Re: [Flex-devel] #include <unistd.h> in middle of scanner: bad idea
flex is a tool for generating scanners
Brought to you by:
wlestes
|
From: Kaz K. <938...@ky...> - 2020-08-07 06:31:33
|
On 2020-08-06 21:26, Kang-Che Sung wrote:
> On Thu, Aug 6, 2020 at 1:37 AM Kaz Kylheku <938...@ky...>
> wrote:
>>
>> Flex generates a file which contains
>> a #include <unistd.h> long after user material. This seems to be for
>> the sake of having a declaration of isatty.
>>
>> The problem with this is that the user code can #define macros that
>> can break the header. C programs have to be careful with what they
>> do before system headers are included.
>
> System headers can always be overridden by user code. A prominent
> example is
> feature test macros, which are defined before the inclusion of system
> headers
> and can change the ABI used for standard library functions.
I was writing more from a standard C point of view in the above
paragraph.
ISO C has no "feature test macros".
They are POSIX feature (imitated in other platforms). There is a
specific
vocabulary of feature test macros. You cannot just make up any symbol.

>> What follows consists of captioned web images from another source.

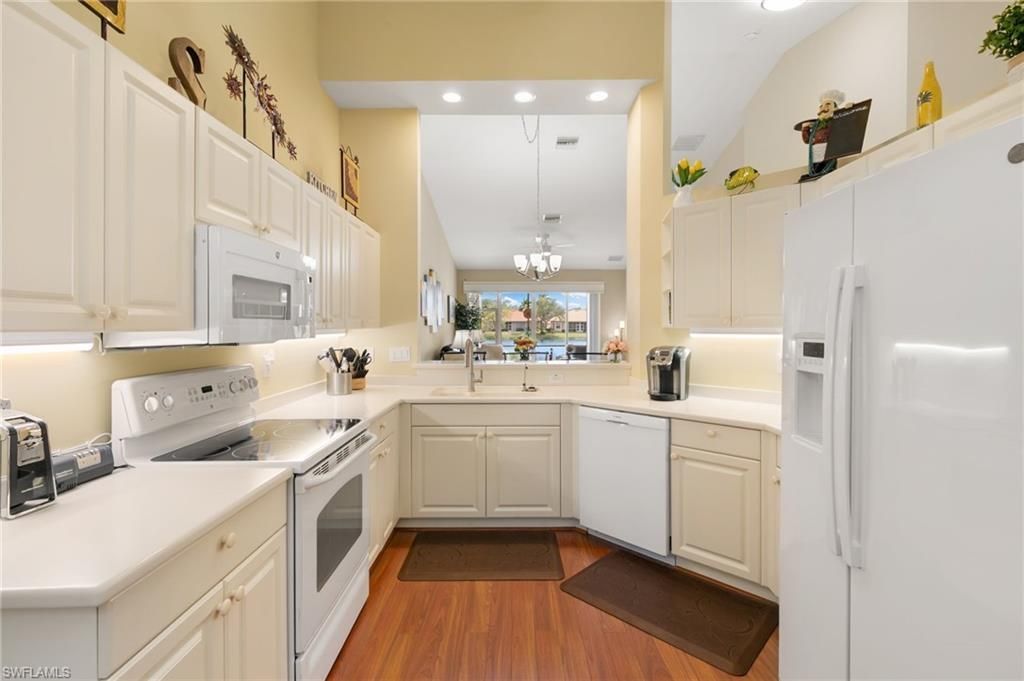 8140 Chancel Ct, Unit 2, Naples, FL 34104 Photo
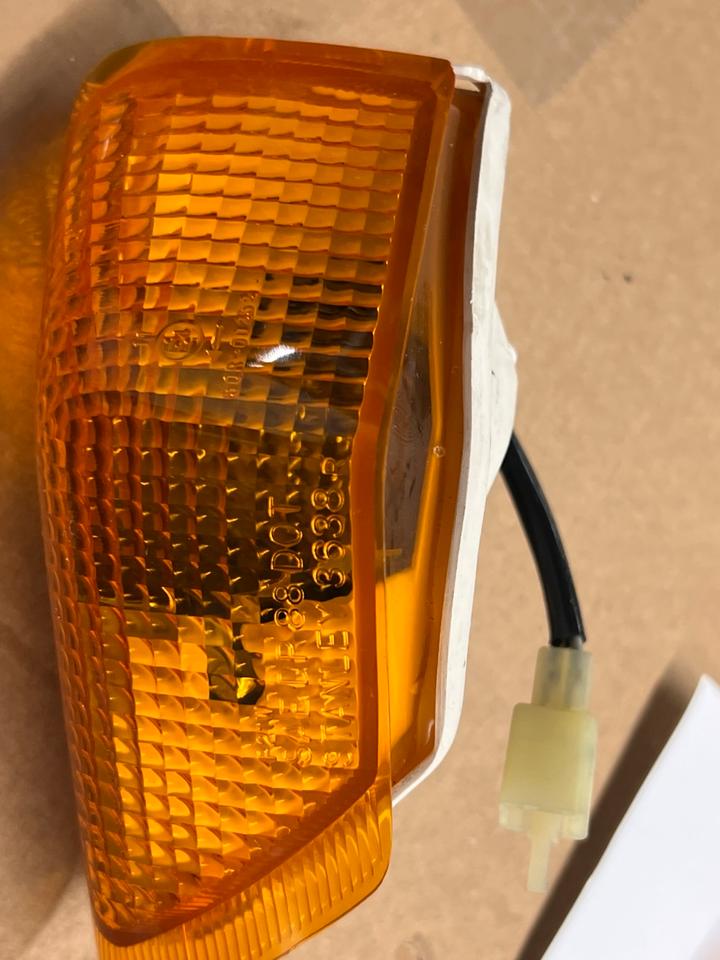 Kawasaki zzr 1100 Blinker hinten rechts neu 15€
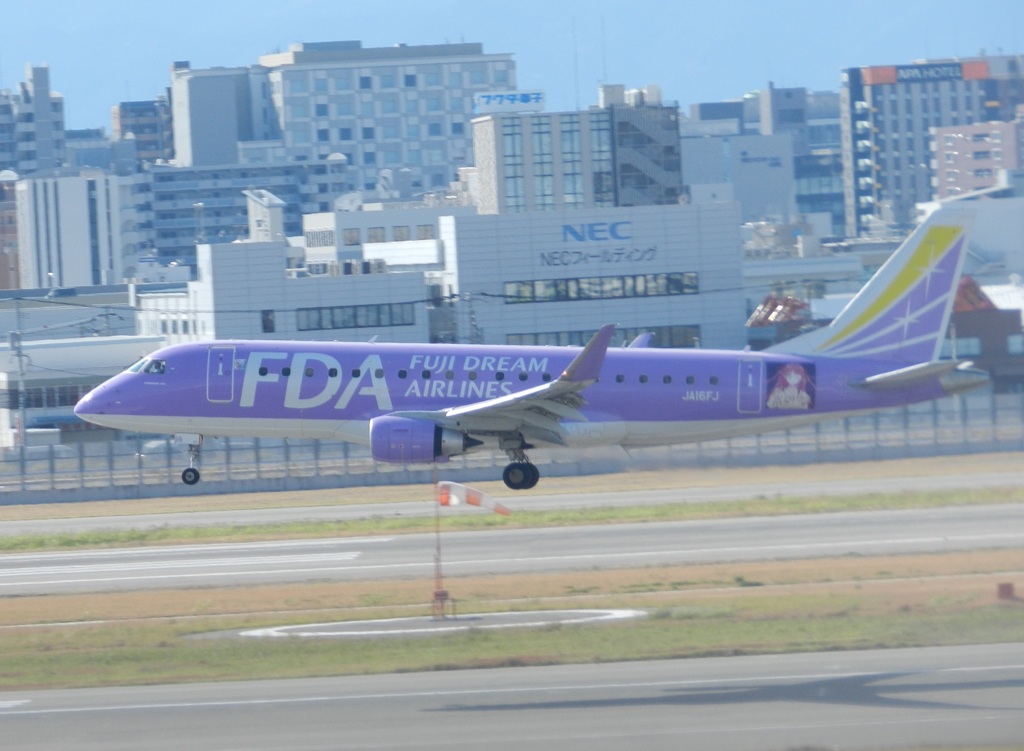 FDA  JA16FJ　福岡空港ランディング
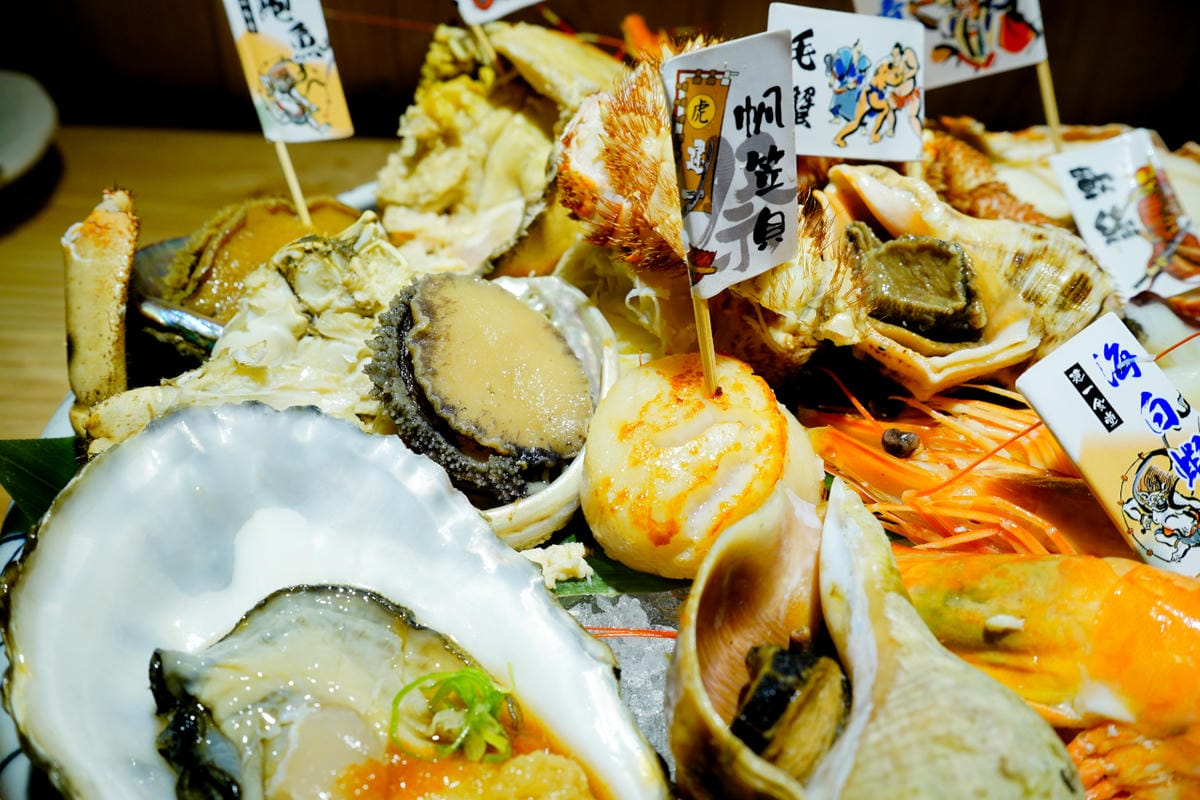 美食｜台北 安東建一水產 海產專賣、手抓海鮮盤 海鮮控不能錯過，痛風也甘願！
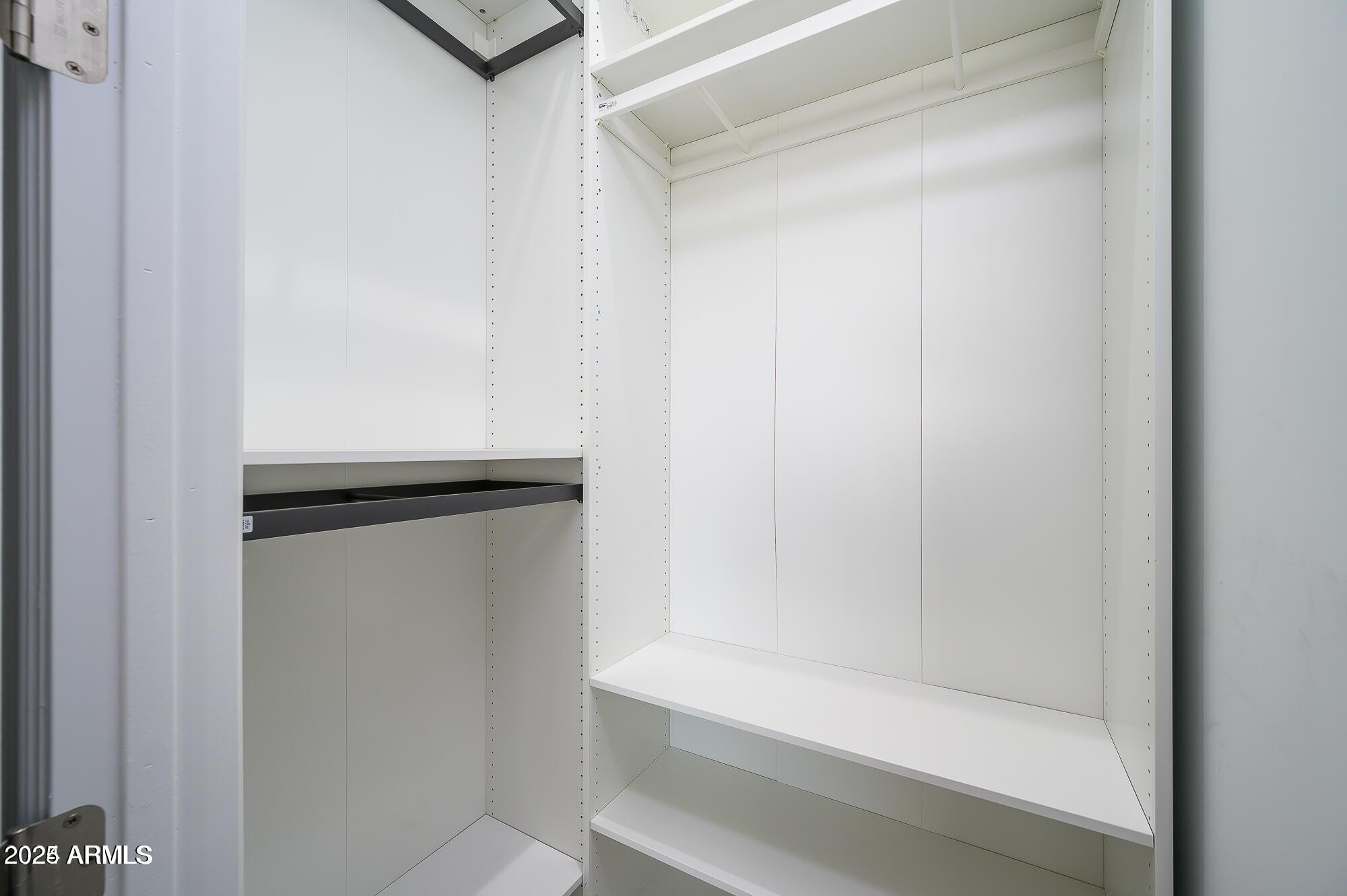 6729 North 13th Street Phoenix, AZ 85014 - Photo 20 of 24 a bathroom with a bathtub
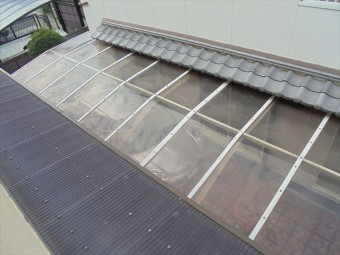岡山市南区 漆喰補修工事 急こう配 隣のカーポート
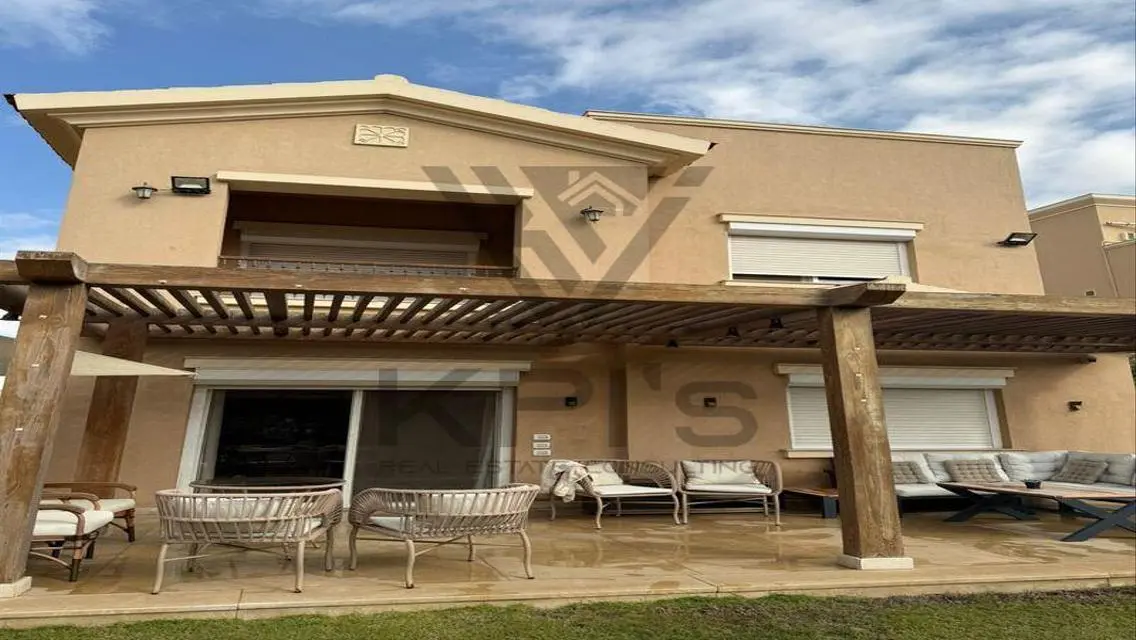 Luxurious Property for Sale with Extensive Amenities
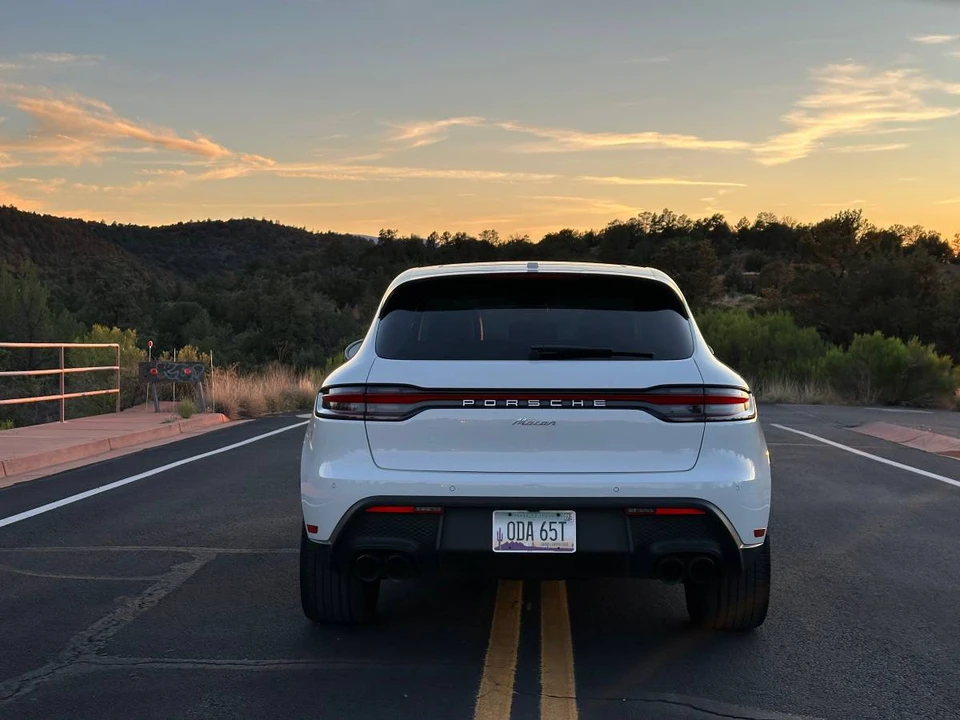 2023 Porsche Macan - Image 7 of 24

So for instance -D_POSIX_C_SOURCE on the compiler command line has
a well defined effect in POSIX environments, due to being documented in
a standard. Whereas -D_BLUB_SOURCE, which I just made up, is undefined
behavior.
My comment wasn't meant to imply that an application must never under
any
circumstances define any sort of macro prior to including a system
header.
Ah right; in ISO C, there is a famous counterexample:
#define NDEBUG
#include <assert.h>
Again, documented by language, so okay.
>
>> Here is small repro test case:
>>
>> %{
>>
>> #define pause blah[]
>>
>> %}
>>
>> %%
>>
>> Result:
>>
>> $ flex lex.l ; cc lex.yy.c
>> lex.l:3:15: error: declaration of ‘blah’ as array of functions
>> #define pause blah[]
>
> Why would anyone want to do that? Redefining a standard library symbol
> makes
> the code unportable (except for local scope redefines).
The point is that that is a local scope define. My sample doesn't
even include any headers at all. Of course things like <stdio.h> are
implied
but they are expected to be before #define pause.
The programmer doesn't expect <unistd.h> in there at all.
What breaks it is that Flex generates the code such that there is a
surprise
#include <unistd.h> long after the #define pause.
The inclusion of <unistd.h> will not break if it precedes the #define
pause.
The issue isn't standard library symbols; I just picked that for an easy
repro. Any macro whatsoever could potentially cause a problem.
I also don't care about "portable" as much as "not breaking on any of
the half
dozen platforms I'm building for".
>> How about just an "extern int isatty(int)" somewhere?
>
> Forward declaration can somewhat defeat the purpose of the header. A
> library
> implementation might not declare the function exactly as described in
> the
> standard document. It might contain other attributes or ABI keywords.
Indeed; that's not a good solution.
Probably, the best thing would be not to have that isatty business in
there
at all, unless it's requested by some explicit option.
isatty is still being wastefully called even if YY_INPUT has redirected
the
lexer to scan from a character string instead of a stream.
The isatty calls even happen if the lexer is generated in -B (batch)
mode.
(Flex 2.6.4 on Ubuntu 18).
Aha! I have a nice workaround:
#define YY_NO_UNISTD_H
#undef isatty
#define isatty(x) 0
Presto; I'm no longer including <unistd.h> myself, there is no complaint
about an undeclared isatty, and the numerous ioctls in the strace
output:
ioctl(0, TCGETS, {B38400 opost isig icanon echo ...}) = 0
are gone!
(IMHO, the above effect should be obtained by just %option batch or -B.)
And that also gives us one example to the "why would anyone redefine
a library symbol" question.
If <unistd.h> were included at the top, then we could let that include
be, and just do:
#undef isatty
#define isatty(x) 0
This trick is going to work fine on all the platforms I care about,
so it is de facto portable enough.
There are theoretical ways that could still break, but if it were
perpetrated before #include <unistd.h>, the probability of failure
would go to 100%. That's really why you don't want surprise header
inclusions after user-defined material.
|